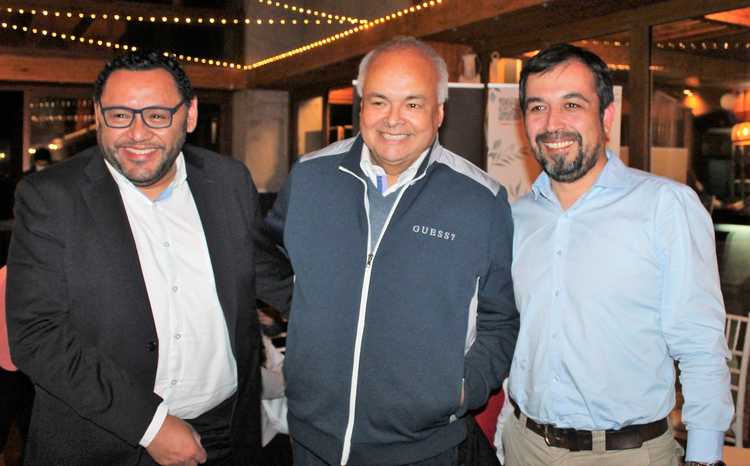 Pablo Elqueta, director regional Senama; Álvaro Salas, colaborador de FLR, y Fernando Ramírez, encargado regional Eleam.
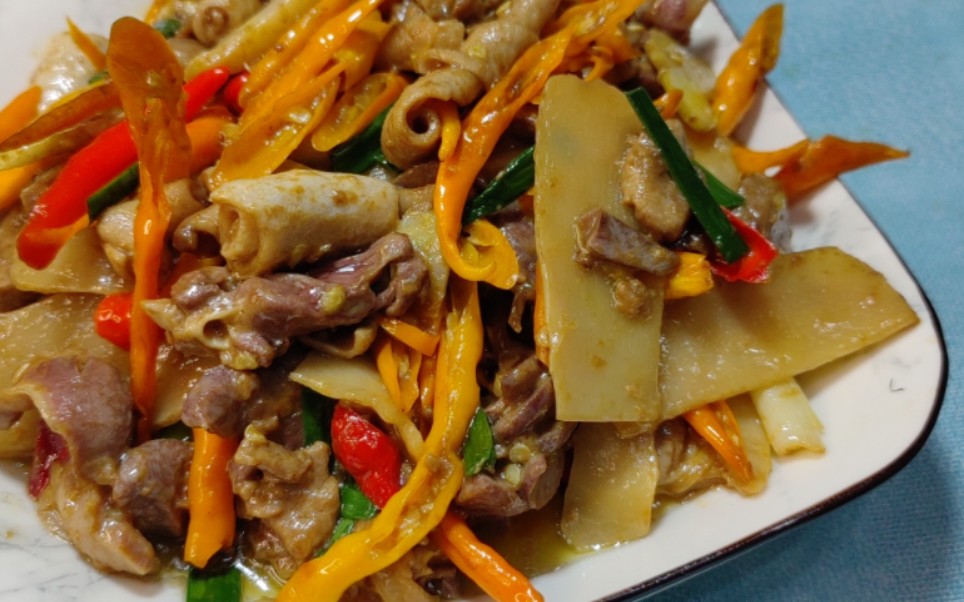 南雄特色酸笋黄辣椒炒鸭杂,价廉物美的食材,能让你胃口大开.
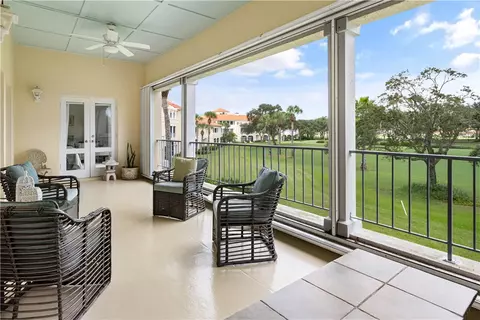 5040 Harmony Cir #203, Vero Beach, FL 32967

--------------------

(What you have to do) Return the complete material exactly as given, excluding images.

(Answer)
 Pablo Elqueta, director regional Senama; Álvaro Salas, colaborador de FLR, y Fernando Ramírez, encargado regional Eleam.
 南雄特色酸笋黄辣椒炒鸭杂,价廉物美的食材,能让你胃口大开.
 5040 Harmony Cir #203, Vero Beach, FL 32967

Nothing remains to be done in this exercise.